• _Material provided_
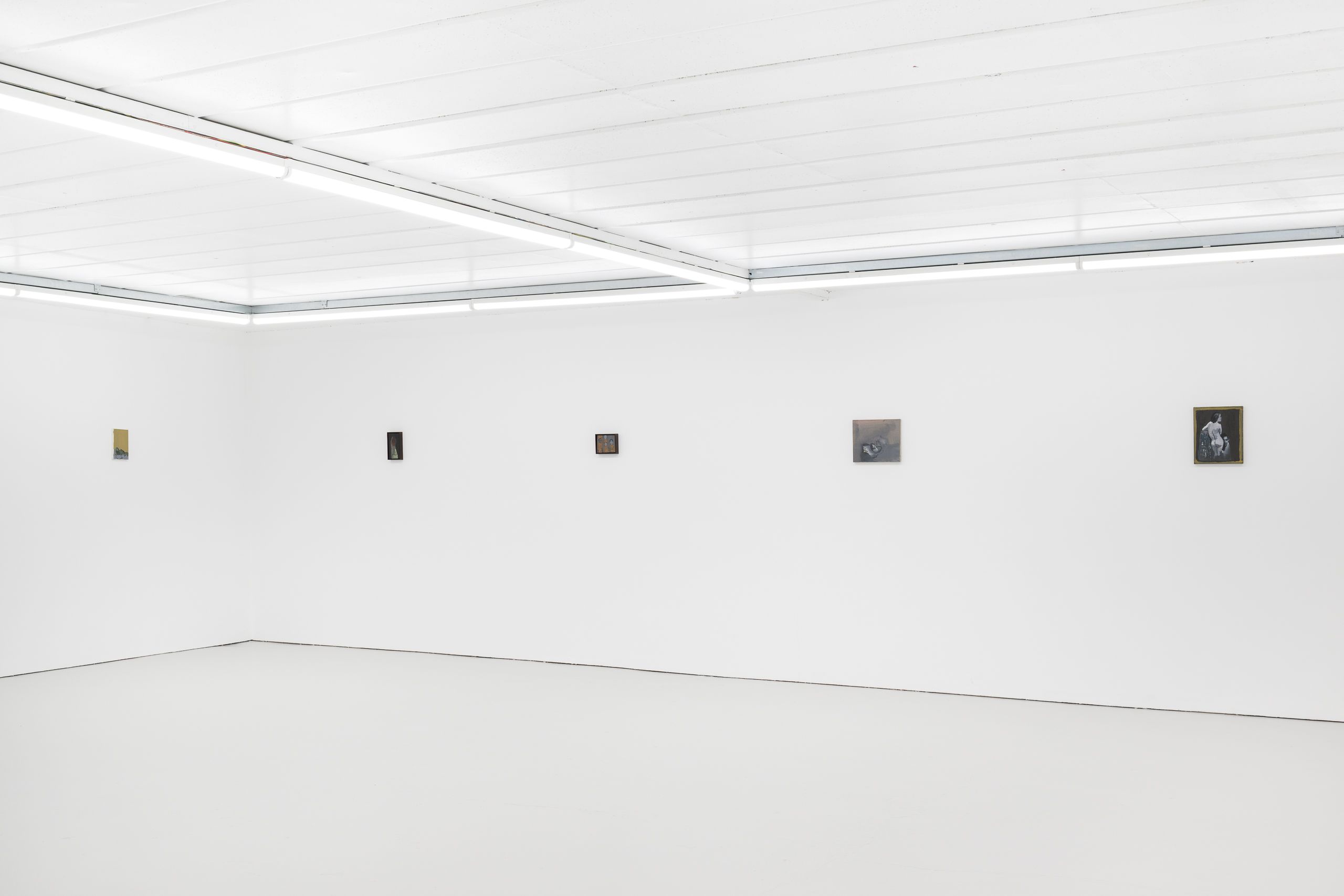 Norman Hyams, No Rush at Hannah Barry, photo 21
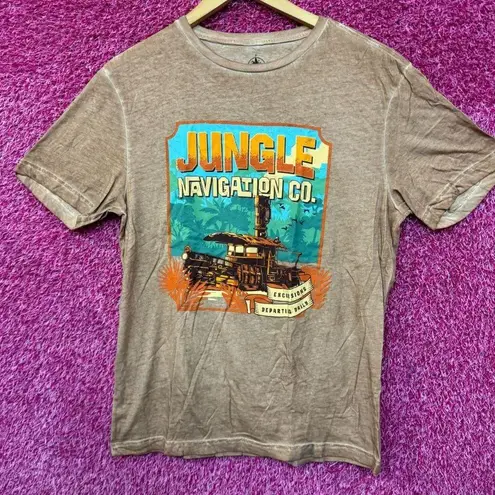 Jungle Navigation Co LaQuila Disney The Jungle Cruise Tee M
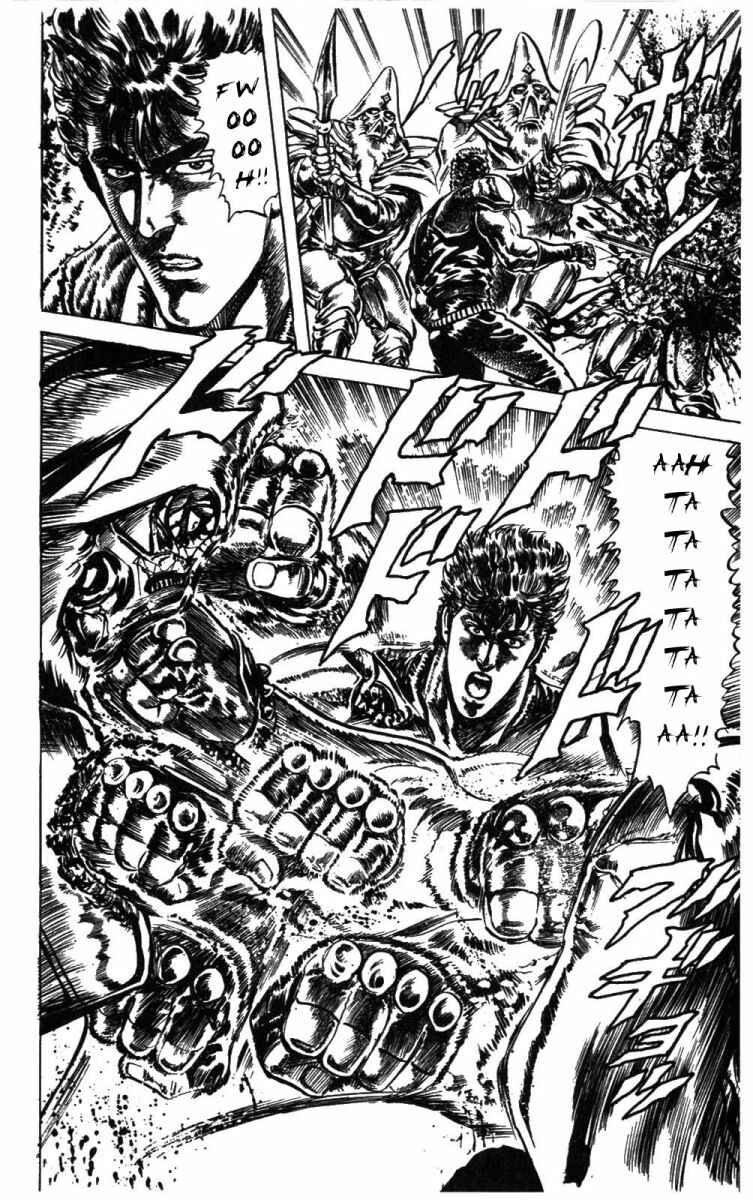 Page 16 Chapter 229 Fist of the North Star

• _Your task_
Output the data exactly as it is, with the pictures dropped.

• _Output for this exercise_
 Norman Hyams, No Rush at Hannah Barry, photo 21
 Jungle Navigation Co LaQuila Disney The Jungle Cruise Tee M
 Page 16 Chapter 229 Fist of the North Star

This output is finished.